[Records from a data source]
···
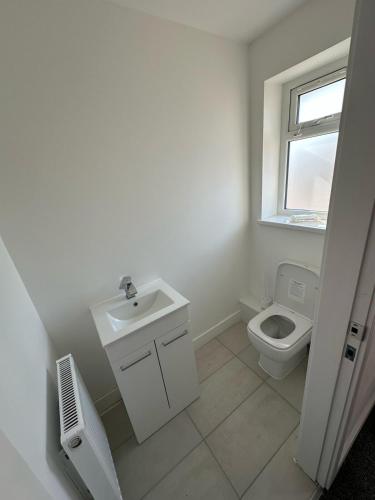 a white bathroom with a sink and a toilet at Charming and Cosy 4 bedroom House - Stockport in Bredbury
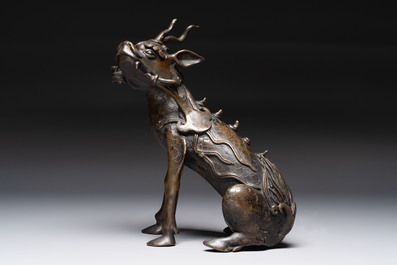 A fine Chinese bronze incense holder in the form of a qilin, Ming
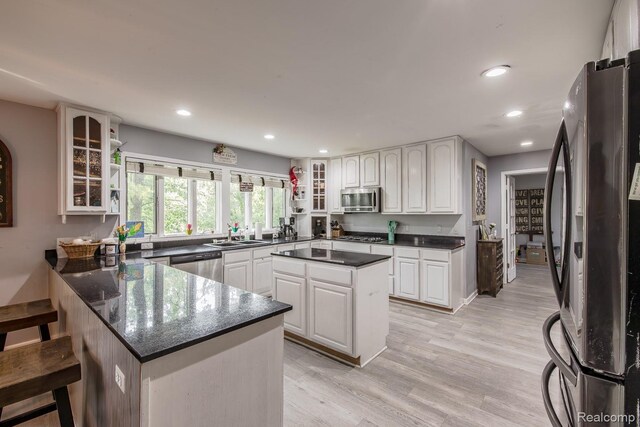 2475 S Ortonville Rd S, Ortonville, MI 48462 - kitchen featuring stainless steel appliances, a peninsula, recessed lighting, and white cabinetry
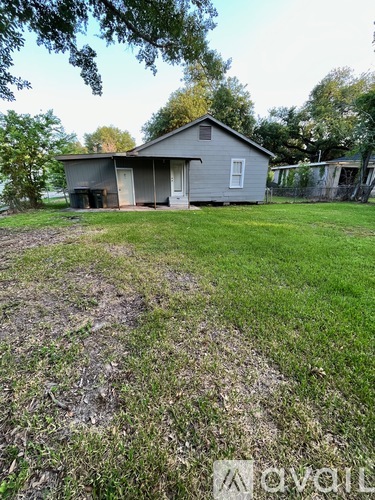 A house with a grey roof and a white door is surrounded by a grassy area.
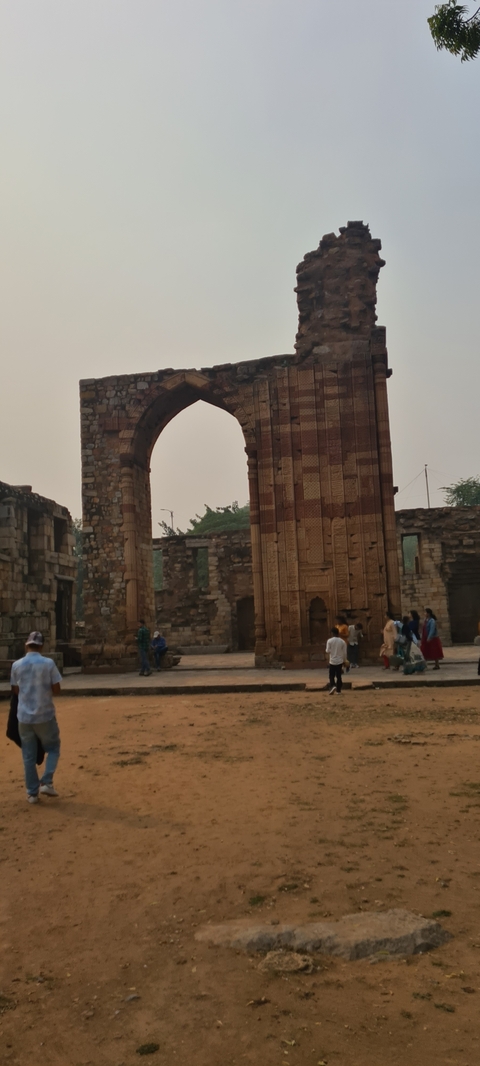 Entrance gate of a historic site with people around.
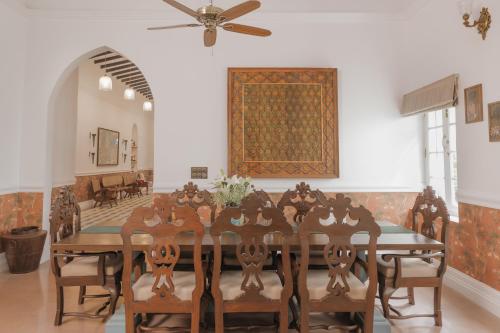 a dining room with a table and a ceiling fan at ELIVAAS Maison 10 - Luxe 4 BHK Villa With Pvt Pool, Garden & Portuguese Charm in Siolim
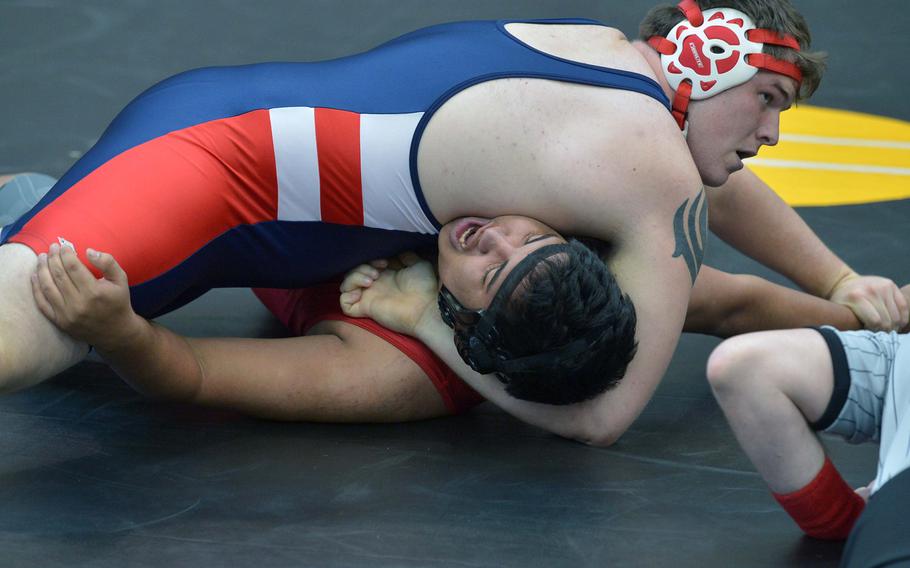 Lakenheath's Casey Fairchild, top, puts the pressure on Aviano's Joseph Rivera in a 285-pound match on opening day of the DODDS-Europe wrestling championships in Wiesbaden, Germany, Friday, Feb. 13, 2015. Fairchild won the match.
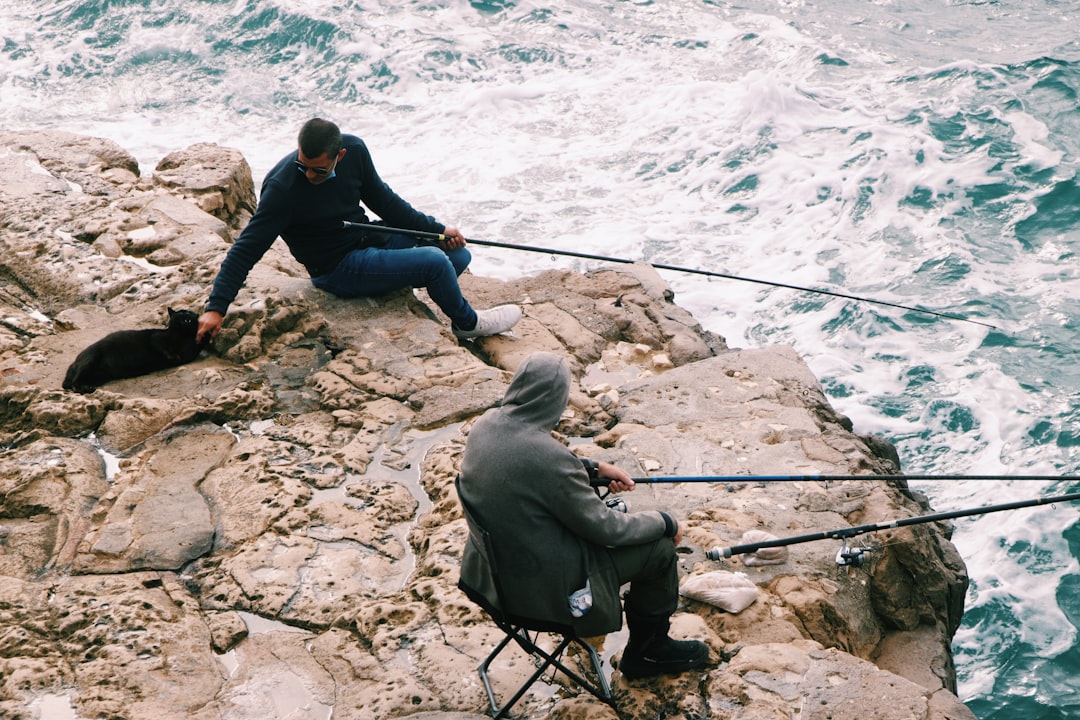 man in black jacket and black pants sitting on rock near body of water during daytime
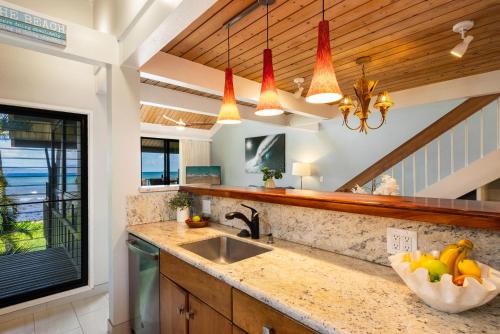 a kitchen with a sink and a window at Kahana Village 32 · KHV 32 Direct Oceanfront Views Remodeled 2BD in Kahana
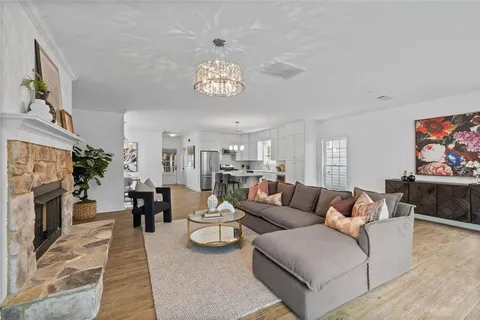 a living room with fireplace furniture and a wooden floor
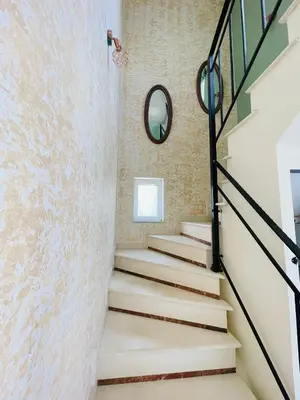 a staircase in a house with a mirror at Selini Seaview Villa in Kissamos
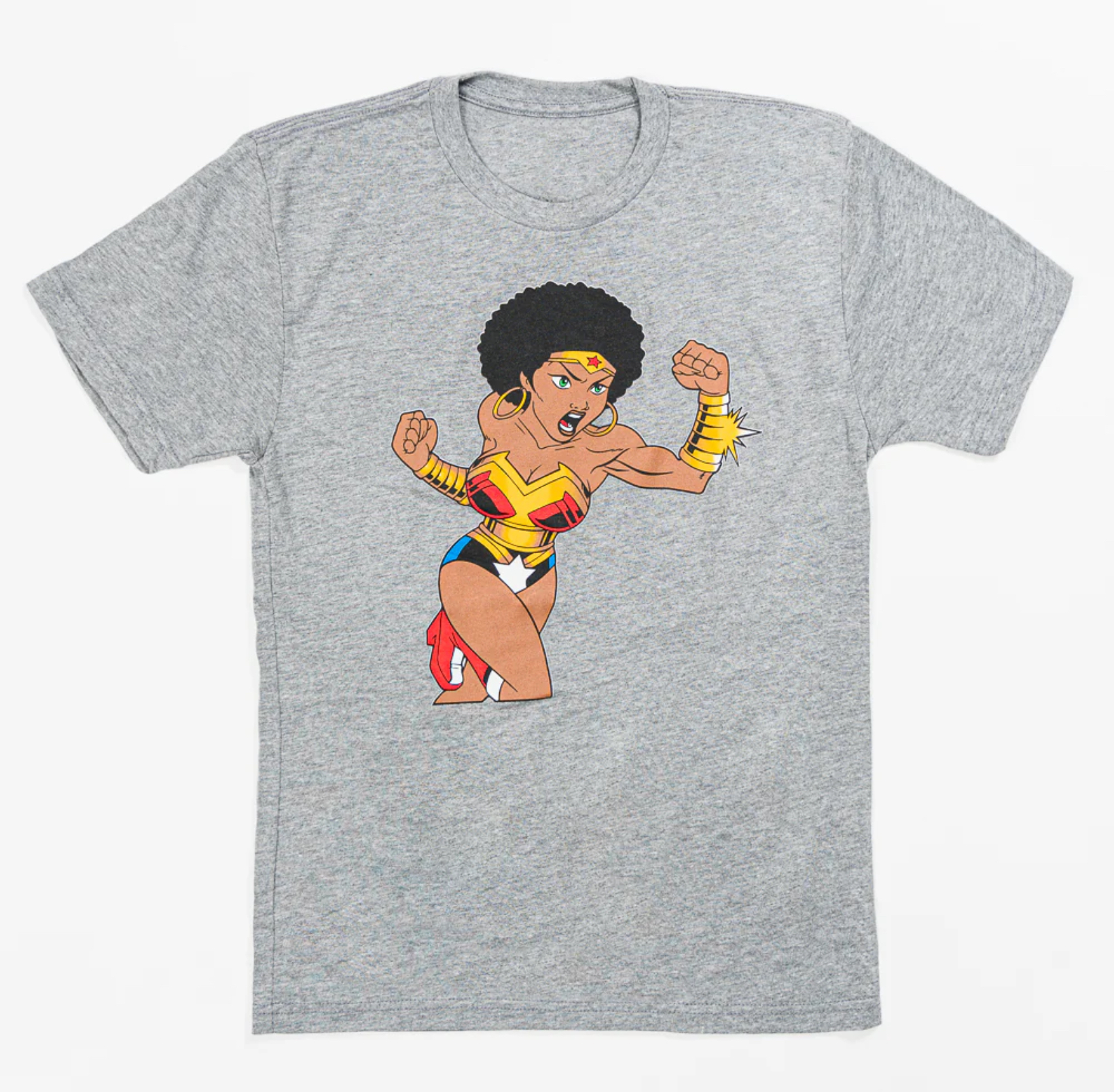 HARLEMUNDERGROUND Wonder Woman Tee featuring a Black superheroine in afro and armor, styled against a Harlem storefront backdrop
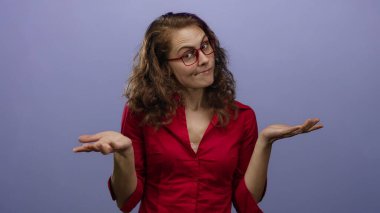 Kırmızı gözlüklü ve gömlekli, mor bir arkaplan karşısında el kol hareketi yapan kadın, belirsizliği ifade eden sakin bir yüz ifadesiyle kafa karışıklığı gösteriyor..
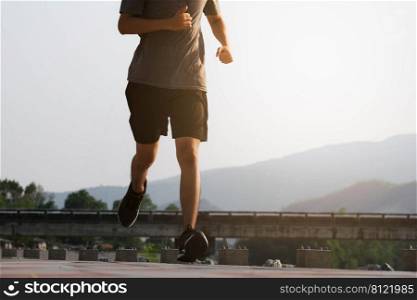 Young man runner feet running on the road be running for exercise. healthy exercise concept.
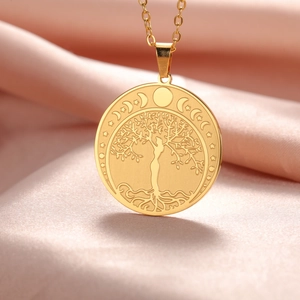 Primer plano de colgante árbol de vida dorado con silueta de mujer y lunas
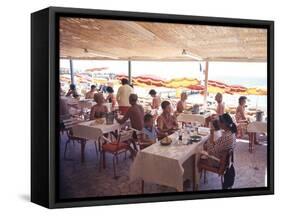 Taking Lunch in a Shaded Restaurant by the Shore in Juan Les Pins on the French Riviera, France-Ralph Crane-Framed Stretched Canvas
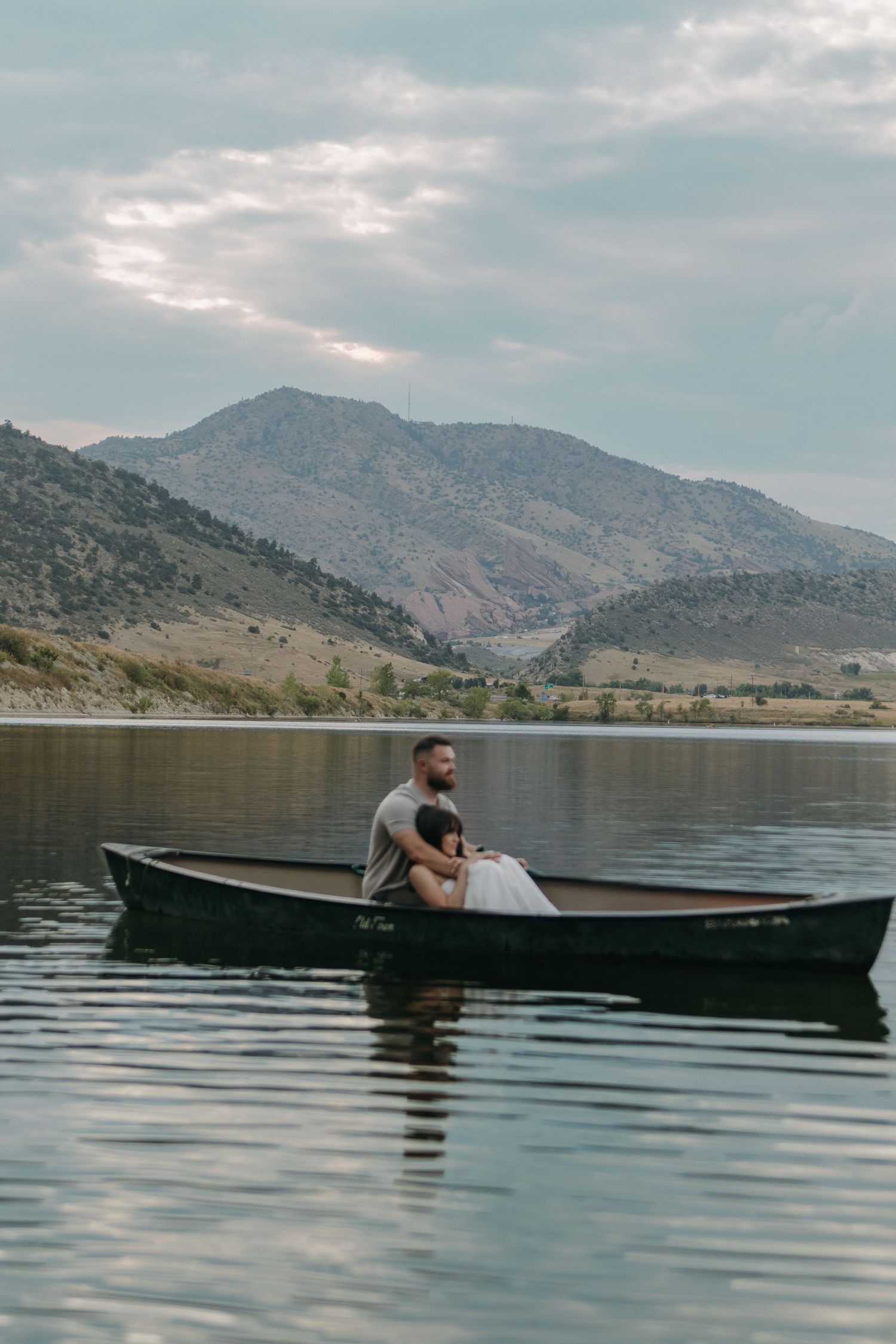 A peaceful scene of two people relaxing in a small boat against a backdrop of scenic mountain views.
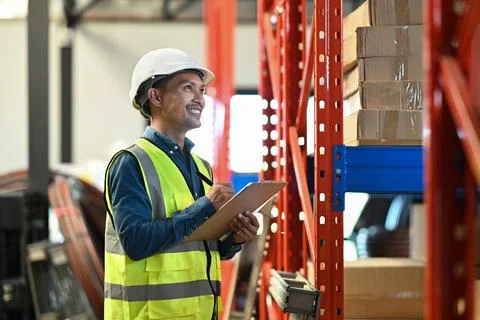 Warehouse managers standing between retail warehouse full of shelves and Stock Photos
···
Your assignment: Return the preceding entries verbatim, with the pictures excluded.

Solution to this task:
 a white bathroom with a sink and a toilet at Charming and Cosy 4 bedroom House - Stockport in Bredbury
 A fine Chinese bronze incense holder in the form of a qilin, Ming
 2475 S Ortonville Rd S, Ortonville, MI 48462 - kitchen featuring stainless steel appliances, a peninsula, recessed lighting, and white cabinetry
 A house with a grey roof and a white door is surrounded by a grassy area.
 Entrance gate of a historic site with people around.
 a dining room with a table and a ceiling fan at ELIVAAS Maison 10 - Luxe 4 BHK Villa With Pvt Pool, Garden & Portuguese Charm in Siolim
 Lakenheath's Casey Fairchild, top, puts the pressure on Aviano's Joseph Rivera in a 285-pound match on opening day of the DODDS-Europe wrestling championships in Wiesbaden, Germany, Friday, Feb. 13, 2015. Fairchild won the match.
 man in black jacket and black pants sitting on rock near body of water during daytime
 a kitchen with a sink and a window at Kahana Village 32 · KHV 32 Direct Oceanfront Views Remodeled 2BD in Kahana
 a living room with fireplace furniture and a wooden floor
 a staircase in a house with a mirror at Selini Seaview Villa in Kissamos
 HARLEMUNDERGROUND Wonder Woman Tee featuring a Black superheroine in afro and armor, styled against a Harlem storefront backdrop
 Kırmızı gözlüklü ve gömlekli, mor bir arkaplan karşısında el kol hareketi yapan kadın, belirsizliği ifade eden sakin bir yüz ifadesiyle kafa karışıklığı gösteriyor..
 Young man runner feet running on the road be running for exercise. healthy exercise concept.
 Primer plano de colgante árbol de vida dorado con silueta de mujer y lunas
 Taking Lunch in a Shaded Restaurant by the Shore in Juan Les Pins on the French Riviera, France-Ralph Crane-Framed Stretched Canvas
 A peaceful scene of two people relaxing in a small boat against a backdrop of scenic mountain views.
 Warehouse managers standing between retail warehouse full of shelves and Stock Photos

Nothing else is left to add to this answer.